Отца с сестрами мне за это время удалось устроить в Лебедяни, при помощи моего благодетеля и боголюбца, Ивана Андреевича Дивеева, которому я писал о тяжелом положении моей семьи. Добрый Дивеев тотчас вызвал моего отца из Балашова, послав ему с сестрами денег на дорогу, и устроил его на 25 рублей в месяц жалованья подвальным при пивном заводе. Жизнь в провинции тогда еще была дешевая, и 25 рублей в месяц были достаточны для скромного прокормления целого семейства. С этой стороны немного успокоена была душа моя. Но военная гроза, потрясая самые основы государства, била и меня, заставляя трепетно ожидать моего вызова в ополчение. Опасения мои были не напрасны, и вскоре был разослан по всем обителям строгий указ, чтобы все проживающие в них по паспортам явились в свои общества. Надо было немедля собираться опять в мір... О горе! о томление духа!...
И вот, в горести своей, я как бы в тонком сне, совсем как наяву, имел видение: в моей келье находятся будто бы Государь Николай Павлович в мундире и Наследник престола Александр Николаевич в полном императорском одеянии. Государь сидит такой грустный, а Наследник стоит перед ним... И вдруг Государь, обращаясь к своему царственному Сыну, сказал:
— Подойди ко мне!... Война окончится замирением...
На этом я проснулся и тут же рассказал свой сон о. Филарету.
— Смотри, — сказал он мне, — умрет наш Государь!

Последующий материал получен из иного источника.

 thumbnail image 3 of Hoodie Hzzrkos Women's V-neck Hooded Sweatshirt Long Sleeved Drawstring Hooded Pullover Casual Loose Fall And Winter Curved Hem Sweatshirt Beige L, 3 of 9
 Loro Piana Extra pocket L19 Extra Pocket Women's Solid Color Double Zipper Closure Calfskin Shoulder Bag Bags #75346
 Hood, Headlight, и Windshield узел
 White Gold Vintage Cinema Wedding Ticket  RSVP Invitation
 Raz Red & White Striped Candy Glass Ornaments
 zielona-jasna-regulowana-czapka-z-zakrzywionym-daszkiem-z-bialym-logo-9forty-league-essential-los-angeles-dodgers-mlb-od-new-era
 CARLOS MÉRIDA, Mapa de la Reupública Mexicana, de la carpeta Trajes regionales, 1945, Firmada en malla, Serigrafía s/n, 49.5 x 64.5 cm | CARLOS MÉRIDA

И на другие сутки дошли до нас известия, что умер Государь Николай Павлович и воцарился Александр II.
XXXIV.
Обливаясь слезами, уходил я из Площанской пустыни обратно в мір. О горе мое, о мучение!... Прощаясь с другом моим, зашли мы с ним в храм. Службы не было. Подошел я со слезами к чудотворной иконе Божией Матери, и когда помолился Ей, изнемогая от волновавших меня чувств, и подошел к Ней прикладываться, то вложил за ризу иконы приготовленную мною заранее записку, как бы прошение к Самой Преблагословенной, чтобы Она помогла мне избавиться от міра и сохранила меня во всех путях моей жизни. И сказал я затем вслух Ей, Владычице:
— Тебе, Матерь Бога моего, вверяю я душу свою и молю Тебя — исходатайствуй мне благословение на увольнение от міра. Сын Твой и Господь мой сказал, что грядущего к Нему Он не изгоняет вон, а я вот другой раз выхожу от Него обратно в мір... Где же обещание Его? Неужели грехи мои победили Его благость?.. Помоги, Владычица!...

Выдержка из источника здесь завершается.